Le pitch :
Fanny et Jean ont tout du couple idéal : épanouis dans leur vie professionnelle, ils habitent un magnifique appartement dans les beaux quartiers de Paris et semblent amoureux comme au premier jour. Cependant, lorsque Fanny croise par hasard Alain, ancien camarade de lycée, elle est aussitôt chavirée. Ils se revoient très vite et se rapprochent de plus en plus.
Comme Roman Polanski, Woody Allen subit rétroactivement (pour des faits dont on ne saura jamais s’ils sont avérés ou non) un statut de paria et trouve ses derniers soutiens en Europe. La France pour Allen et l’Italie pour Polanski. Aussi voilà Allen aux commandes d’un film français…
Autant prévenir tout de suite : hélas, en dépit notamment d’un casting intéressant et de moyens financiers conséquents, le film est une énorme déception.
Nous pouvons ainsi continuer la comparaison avec Polanski, l’immense cinéaste à la filmographie quasi parfaite et truffée de chefs d’œuvres, dont le dernier opus Palace a reçut de nombreuses mauvaises critiques lors du dernier festival de Venise – son humour polonais qui vira à la gaudriolle et à la farce façon Ruben Ostlung n’était visiblement pas du goût de tout le monde, au contraire de ce dernier. La différence est que Woody Allen, à l’instar de feu Chabrol, a toujours été extêmement productif, au rythme d’un film par an. Des œuvres écrites et tournées rapidement, ayant pour résultat une filmographie inégale.
Deux autres facteurs sont à prendre en compte. Premièrement quand un réalisateur tourne dans une langue qu’il ne maîtrise pas, le résultat est souvent peu probant. Ensuite, quand un réalisateur dépasse un certain âge, la qualité de ses films peut en pâtir. Citons notamment les tout derniers films de génies comme Hitchcock ou Clouzot, qui étaient mauvais, indignes de leur filmographie. (même si pour ce dernier L’enfer était une immense promesse).

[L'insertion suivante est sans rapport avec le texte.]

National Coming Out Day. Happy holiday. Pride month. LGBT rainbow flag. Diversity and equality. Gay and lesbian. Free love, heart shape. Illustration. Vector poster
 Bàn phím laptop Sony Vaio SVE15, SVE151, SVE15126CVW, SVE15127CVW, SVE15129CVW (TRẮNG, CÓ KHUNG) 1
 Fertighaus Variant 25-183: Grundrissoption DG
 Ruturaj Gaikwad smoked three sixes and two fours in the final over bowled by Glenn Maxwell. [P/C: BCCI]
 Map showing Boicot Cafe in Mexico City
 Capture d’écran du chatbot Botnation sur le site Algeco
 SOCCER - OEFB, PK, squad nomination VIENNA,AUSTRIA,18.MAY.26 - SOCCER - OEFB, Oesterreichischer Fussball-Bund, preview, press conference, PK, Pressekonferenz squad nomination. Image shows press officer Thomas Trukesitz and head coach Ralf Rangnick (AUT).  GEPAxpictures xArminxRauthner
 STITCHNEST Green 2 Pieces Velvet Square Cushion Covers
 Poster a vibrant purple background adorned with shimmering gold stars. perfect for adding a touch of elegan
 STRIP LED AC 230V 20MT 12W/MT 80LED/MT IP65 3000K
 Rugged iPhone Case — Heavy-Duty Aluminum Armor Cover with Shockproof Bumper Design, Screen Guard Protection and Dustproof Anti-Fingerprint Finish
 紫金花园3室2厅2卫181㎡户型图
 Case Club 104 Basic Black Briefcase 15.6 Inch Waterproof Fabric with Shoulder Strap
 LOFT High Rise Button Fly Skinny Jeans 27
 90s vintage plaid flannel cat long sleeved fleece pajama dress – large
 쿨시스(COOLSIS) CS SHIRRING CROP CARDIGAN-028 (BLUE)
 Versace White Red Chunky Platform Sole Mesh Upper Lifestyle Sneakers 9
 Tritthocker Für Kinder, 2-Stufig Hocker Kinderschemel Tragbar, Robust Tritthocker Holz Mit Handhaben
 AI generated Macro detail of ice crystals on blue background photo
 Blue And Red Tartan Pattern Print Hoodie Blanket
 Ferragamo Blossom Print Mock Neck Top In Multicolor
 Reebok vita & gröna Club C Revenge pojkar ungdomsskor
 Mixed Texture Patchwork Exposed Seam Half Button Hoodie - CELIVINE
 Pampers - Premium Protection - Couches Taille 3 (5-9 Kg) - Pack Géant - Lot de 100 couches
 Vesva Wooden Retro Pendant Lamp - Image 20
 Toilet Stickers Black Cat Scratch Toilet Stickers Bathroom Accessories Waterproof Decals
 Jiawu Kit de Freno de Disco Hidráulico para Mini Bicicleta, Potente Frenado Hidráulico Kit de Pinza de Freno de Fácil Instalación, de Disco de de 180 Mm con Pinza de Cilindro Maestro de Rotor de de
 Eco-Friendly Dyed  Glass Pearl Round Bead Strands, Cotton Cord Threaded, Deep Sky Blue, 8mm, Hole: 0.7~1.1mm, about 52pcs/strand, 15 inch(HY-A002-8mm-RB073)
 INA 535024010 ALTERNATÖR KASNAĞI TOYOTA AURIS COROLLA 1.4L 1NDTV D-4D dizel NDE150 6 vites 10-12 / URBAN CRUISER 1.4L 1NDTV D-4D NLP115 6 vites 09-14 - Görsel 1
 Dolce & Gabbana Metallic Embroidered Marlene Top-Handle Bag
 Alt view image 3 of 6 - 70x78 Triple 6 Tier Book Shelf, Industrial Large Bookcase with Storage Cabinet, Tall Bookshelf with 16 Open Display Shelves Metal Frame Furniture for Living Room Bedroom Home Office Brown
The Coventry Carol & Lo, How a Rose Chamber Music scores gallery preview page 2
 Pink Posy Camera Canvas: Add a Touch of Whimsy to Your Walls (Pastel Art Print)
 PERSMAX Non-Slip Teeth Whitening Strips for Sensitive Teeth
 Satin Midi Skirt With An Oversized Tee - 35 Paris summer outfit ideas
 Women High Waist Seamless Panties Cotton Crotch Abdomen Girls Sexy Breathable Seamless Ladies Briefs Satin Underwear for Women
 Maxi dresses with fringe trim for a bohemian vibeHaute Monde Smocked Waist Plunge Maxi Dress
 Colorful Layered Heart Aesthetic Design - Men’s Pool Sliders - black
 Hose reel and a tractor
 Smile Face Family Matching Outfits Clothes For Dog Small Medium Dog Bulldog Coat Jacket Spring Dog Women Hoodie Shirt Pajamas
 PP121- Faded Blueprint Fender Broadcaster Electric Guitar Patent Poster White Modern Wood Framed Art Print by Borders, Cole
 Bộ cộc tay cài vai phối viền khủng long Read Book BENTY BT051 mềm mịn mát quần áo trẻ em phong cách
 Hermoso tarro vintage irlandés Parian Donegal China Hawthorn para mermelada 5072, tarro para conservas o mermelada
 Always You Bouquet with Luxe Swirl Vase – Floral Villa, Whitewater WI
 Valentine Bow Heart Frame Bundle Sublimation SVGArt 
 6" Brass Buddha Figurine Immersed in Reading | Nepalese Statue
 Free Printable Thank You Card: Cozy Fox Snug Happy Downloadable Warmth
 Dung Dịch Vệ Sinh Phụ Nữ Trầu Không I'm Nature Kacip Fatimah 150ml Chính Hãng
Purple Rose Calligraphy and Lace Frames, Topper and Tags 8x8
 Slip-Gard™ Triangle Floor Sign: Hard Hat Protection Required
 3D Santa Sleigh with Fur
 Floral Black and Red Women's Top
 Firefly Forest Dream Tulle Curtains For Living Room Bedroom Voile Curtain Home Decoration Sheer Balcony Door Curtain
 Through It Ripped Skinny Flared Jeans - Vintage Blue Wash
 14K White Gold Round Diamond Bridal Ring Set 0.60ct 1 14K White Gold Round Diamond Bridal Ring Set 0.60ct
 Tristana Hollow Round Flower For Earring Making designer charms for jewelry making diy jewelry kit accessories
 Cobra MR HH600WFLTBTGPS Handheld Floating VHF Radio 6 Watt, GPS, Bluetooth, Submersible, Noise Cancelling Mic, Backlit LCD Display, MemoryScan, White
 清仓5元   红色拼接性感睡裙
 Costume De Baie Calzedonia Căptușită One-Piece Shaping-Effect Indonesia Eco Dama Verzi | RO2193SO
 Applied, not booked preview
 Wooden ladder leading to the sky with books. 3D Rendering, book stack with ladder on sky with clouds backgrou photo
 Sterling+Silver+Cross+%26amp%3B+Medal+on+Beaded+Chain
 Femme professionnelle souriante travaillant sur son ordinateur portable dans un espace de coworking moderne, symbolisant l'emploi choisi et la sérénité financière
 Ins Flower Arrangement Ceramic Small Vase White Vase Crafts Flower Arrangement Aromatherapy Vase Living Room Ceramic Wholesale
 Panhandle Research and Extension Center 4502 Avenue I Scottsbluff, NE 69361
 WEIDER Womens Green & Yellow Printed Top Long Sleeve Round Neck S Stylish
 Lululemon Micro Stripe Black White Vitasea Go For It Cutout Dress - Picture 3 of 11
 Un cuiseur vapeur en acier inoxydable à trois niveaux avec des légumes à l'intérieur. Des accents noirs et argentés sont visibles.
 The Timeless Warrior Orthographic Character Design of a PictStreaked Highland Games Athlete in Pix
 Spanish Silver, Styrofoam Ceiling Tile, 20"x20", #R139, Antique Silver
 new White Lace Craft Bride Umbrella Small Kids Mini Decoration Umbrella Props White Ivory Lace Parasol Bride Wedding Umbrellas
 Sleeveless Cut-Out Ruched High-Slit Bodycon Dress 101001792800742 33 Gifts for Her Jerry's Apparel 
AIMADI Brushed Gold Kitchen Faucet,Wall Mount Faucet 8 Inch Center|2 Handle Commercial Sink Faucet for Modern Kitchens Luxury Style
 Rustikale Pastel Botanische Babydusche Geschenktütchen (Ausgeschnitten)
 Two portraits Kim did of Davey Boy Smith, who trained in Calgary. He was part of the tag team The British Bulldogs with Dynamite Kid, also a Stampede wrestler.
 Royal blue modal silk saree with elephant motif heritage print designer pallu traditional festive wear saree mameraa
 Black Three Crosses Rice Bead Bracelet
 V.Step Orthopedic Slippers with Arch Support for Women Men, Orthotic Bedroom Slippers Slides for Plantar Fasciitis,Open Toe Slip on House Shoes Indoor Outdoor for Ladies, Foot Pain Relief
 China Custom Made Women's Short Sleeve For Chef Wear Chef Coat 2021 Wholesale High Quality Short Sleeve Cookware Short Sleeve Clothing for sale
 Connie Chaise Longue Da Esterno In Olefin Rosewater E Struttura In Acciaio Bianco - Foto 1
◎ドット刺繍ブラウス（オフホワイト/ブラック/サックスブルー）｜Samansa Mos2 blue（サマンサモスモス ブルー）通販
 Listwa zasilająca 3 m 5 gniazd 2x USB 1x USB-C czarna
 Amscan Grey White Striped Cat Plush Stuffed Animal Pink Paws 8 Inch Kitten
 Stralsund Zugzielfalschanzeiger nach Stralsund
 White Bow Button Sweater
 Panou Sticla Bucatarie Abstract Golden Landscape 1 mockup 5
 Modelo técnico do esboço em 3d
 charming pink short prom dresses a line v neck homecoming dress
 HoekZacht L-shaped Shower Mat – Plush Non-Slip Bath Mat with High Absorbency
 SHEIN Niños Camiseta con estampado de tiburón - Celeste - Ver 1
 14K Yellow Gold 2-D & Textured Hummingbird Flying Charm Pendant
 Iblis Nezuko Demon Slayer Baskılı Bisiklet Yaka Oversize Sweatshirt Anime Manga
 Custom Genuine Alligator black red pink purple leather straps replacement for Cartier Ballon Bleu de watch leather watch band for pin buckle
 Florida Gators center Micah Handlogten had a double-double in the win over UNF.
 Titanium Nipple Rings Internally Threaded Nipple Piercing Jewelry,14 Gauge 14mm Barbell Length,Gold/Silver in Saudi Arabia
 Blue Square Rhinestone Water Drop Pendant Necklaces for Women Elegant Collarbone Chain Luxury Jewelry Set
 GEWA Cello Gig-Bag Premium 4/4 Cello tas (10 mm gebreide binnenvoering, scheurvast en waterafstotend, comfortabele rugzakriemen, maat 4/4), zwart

Pourtant, Coup de chance reprend le principe du chef-d’œuvre d’Allen Match point, en simplifié, avec l’intention d’un traitement sur le ton de l’humour et de la légèreté.
Niels Schneider pour une fois déçoit, mal dirigé. Melvil Poupaud donne son maximum. Valérie Lemercier est aussi excellente dans son genre, à contre-emploi. Lou de Laâge incarne la belle jeune femme, figure récurrente dans les scénarios d’Allen, mais, tout comme pour Schneider, quelque chose ne prend pas, peut être du à son jeu tout en retenue et distance, plus effacé que ceux de ses partenaires à l’écran. Étrangement, son aura remarquable dans des films comme J’aime regarder les filles semble éteinte.
Allen manque son coup. Très difficile de s’attacher à ses personnages, trop stéréotypés et invités à évoluer dans un univers carte postale. Quoi qu’il arrive à deux d’entre eux des choses bien cruelles et irréversibles, l’émotion ne prend pas. Quand bien même Allen pourrait arguer qu’il s’agit, contrairement à Match Point, d’une comédie (noire), l’attachement aux personnages nous aurait été nécessaire.
Pour Femme fatale, la question avait été posée à Brian de Palma des raisons pour lesquelles il avait filmé un Paris gris, tant par son architecture que son ciel, il avait rétorqué : “Mais Paris est ainsi !”
Ici, Woody Allen nous ressert un Paris irréaliste, une carte postale des quartiers huppés. Un Paris de gens nantis. Où même les gens qui ne vivent de rien (le personnage de Niels Schneider) vivent dans des appartements qui leurs seraient parfaitement hors d’atteinte dans la réalité.
À noter que ce fameux appartement, nous l’avions déjà vu dans Tout le monde dit I love you : un logis faussement bohème, sous les toits, avec poutres apparentes, l’appartement idéal de Woody Allen. C’est Dominique Farrugia qui avait révélé cette information en révélant qu’il avait une habitation en tout point semblable et se réjouissait d’occuper en réalité l’appartement rêvé du réalisateur.
En plus de filmer une faune uniquement riche et blanche (dans tous les sens du terme), Allen les baigne dans une lumière dorée idyllique. Ce Paris, plus cliché et factice que les quartiers touristiques du Sacré-Cœur, nous l’avions déjà entr’aperçu dans d’autres films de Woody Allen, mais d’autres qualités venaient compenser cette irréaliste total.
Le film, simpliste, irréaliste ne nous arrache pas un sourire. Ni ne nous émeut. Et ressemble à une version simplifiée d’une des grandes œuvres du maître de la comédie New Yorkaise.
En somme ce n’est un coup de chance ni pour les spectateurs ni pour le réalisateur.